7.9.0.10

Fish.Com, a Plan

Matthias Felleisen

Goal

The development of a Fish tournament system rests on two assumptions. First, our company will run the server software on its isolated machines (these could be rented or owned). Second, the participants (our customers) will run their own "AI" players, which run on the participants’ remote computers. Our company will also inject "house players" to even the odds. Additionally, our company will add visualization components so that it can broadcast the tournaments and earn advertisement dollars.

Software Components

The software needs three principal components: the game logic, the communication layer, and (when it reaches a certain size) a database. This course ignores the database components to reduce the prerequisites and make it a one-semester project.

The description of Fish suggests the following software components:

A player-referee interface (protocol) to which the creators of external players program. The player interface must spell out all phases of Fish: how to place their avatars on the initial board; how to take turns; and how/whether to receive information about the end of a game and tournament. Given the goal, this must come be formulated in both logical and communication terms.

A player implementation to validate the interface.

A referee supervises an individual game after being handed a number of players. The referee sets up a board Remember from Fish that some other component may be in charge of specifying the dimensions. and interacts with the players according to the interface protocol. It removes a player—really its penguins—that fails or cheats. When the game is over, it reports the outcome of the game and the failing and cheating players; during the game it may need to inform game observers of on-going actions.

For dealing with an entire tournament of games, we will need to build a tournament manager that runs rounds of games.
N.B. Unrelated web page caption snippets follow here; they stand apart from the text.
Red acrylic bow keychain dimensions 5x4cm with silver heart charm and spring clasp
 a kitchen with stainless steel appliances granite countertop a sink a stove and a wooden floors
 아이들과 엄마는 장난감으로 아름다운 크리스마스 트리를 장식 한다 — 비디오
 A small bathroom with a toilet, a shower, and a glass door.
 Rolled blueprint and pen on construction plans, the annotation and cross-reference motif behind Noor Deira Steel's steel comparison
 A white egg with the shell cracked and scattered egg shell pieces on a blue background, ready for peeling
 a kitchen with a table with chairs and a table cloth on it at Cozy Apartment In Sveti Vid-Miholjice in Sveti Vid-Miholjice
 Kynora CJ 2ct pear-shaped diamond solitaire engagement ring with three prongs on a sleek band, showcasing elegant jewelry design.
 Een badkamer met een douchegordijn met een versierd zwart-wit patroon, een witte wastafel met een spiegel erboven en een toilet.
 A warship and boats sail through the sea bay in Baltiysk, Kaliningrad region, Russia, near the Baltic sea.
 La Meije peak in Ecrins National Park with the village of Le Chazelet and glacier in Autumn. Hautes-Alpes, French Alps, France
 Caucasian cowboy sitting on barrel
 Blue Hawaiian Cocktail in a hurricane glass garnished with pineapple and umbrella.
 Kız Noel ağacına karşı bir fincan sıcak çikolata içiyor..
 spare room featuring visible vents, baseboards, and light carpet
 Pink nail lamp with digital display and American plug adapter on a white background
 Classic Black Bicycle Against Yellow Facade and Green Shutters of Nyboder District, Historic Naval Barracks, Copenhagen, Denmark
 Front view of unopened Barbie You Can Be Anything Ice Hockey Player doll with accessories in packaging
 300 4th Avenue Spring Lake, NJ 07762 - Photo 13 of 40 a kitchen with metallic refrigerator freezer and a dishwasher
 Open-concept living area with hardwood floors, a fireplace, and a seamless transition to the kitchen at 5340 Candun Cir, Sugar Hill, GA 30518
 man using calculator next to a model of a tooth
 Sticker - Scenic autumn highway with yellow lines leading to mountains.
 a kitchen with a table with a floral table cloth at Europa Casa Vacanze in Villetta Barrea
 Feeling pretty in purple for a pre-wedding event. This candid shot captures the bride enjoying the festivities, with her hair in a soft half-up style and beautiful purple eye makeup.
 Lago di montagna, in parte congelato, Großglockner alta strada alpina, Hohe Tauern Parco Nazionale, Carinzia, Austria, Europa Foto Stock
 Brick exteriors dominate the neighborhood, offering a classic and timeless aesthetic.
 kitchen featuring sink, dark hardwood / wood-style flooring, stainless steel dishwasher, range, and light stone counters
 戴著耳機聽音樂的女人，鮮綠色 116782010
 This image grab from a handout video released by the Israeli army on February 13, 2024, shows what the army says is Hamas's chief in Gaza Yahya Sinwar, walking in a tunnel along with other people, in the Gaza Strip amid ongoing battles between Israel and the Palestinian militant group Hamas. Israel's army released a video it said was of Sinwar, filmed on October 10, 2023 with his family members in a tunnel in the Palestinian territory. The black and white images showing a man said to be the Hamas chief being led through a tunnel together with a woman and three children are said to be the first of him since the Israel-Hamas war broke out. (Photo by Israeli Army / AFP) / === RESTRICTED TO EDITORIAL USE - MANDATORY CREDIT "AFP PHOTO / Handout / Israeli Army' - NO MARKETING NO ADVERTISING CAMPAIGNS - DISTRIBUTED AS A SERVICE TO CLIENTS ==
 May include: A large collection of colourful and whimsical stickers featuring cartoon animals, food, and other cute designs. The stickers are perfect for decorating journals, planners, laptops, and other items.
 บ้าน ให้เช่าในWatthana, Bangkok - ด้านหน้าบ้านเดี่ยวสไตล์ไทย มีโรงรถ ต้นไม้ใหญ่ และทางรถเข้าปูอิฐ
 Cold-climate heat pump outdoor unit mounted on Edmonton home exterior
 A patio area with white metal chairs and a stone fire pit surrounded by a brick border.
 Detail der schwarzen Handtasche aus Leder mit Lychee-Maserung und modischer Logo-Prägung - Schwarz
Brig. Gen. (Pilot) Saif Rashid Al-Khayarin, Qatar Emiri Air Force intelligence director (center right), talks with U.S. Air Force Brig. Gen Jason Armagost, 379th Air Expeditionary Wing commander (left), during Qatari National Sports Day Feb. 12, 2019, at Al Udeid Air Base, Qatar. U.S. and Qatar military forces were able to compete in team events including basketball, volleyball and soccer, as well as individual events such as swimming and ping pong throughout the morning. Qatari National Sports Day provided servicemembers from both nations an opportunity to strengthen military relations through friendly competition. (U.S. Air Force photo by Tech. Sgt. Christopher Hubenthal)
The tournament manager signs up players for tournaments, allocates players to games, creates referees to run games, and collects tournament statistics. It also informs a tournament observer of on-going actions.

Finally, the game logic calls for data representations of tiles, avatars, and boards plus a component that can check the rules, on behalf of both the referee (does the player’s action satisfy the rules?) and the players (which actions is the player component legally allowed to perform?).

The player interface and these game pieces make up the common ontology that players and referees use to communicate. The communication between a tournament manager and players rests on a simple exchange of texts.

Beyond the game logic, the system will also need components for dealing with remote-player communications. These components will be based on the logical interfaces.

The server component will perform the communication-sign-ups for remote players but will leave the logical-sign-up to the tournament manager. You may wish to think of the communication sign-up as a "registration" step, which may result in actually being signed up or ending up on a wait list.

The client component will perform the communication-sign-up for players on remote machines, connecting them to a remote server.

Building It

Our build plan consists of three phases, each ending in a product that illustrates the basics of our eventual product. The first two phases concern the logic, the last one with communication.

The goal of the first phase is to build a complete game implementation, including game observers and possibly GUI-based players. This phase will thus implement the core of the system, including "house players."

The actual work will proceed in a bottom-up fashion as follows:
  • the basic game pieces: tiles, avatars, and the board;

  • a rule checker, needed by both players and referees;

  • the player interface and basic implementations; and

  • the referee.

Once we have a player interface, we could ask some early adopters to write an implementation in our language.

The goal of the second phase is to construct the tournament management system, still in our chosen language. At this point, the company can demo the entire product on a computer (or several using remote-windowing systems). Constructing this complete system in one language should allow us to debug the logic layer in a systematic manner, without interference from bugs in the communication layer.

The goal of the third and final phase is to break up this monolithic prototype so that we can connect the manager to "house players" as well as remote players (constructed in any language). For this step, we will use the remote proxy pattern to "splice" in communication components and separate players from managerial software. We will then be able to build a sign-up server that accepts remote-player connections, collects them for a certain period, and then hands this collection—sorted according to age, meaning in reverse order of signing up—to the tournament manager.

At this point, we can demonstrate this system to our investors as the alpha release of our product.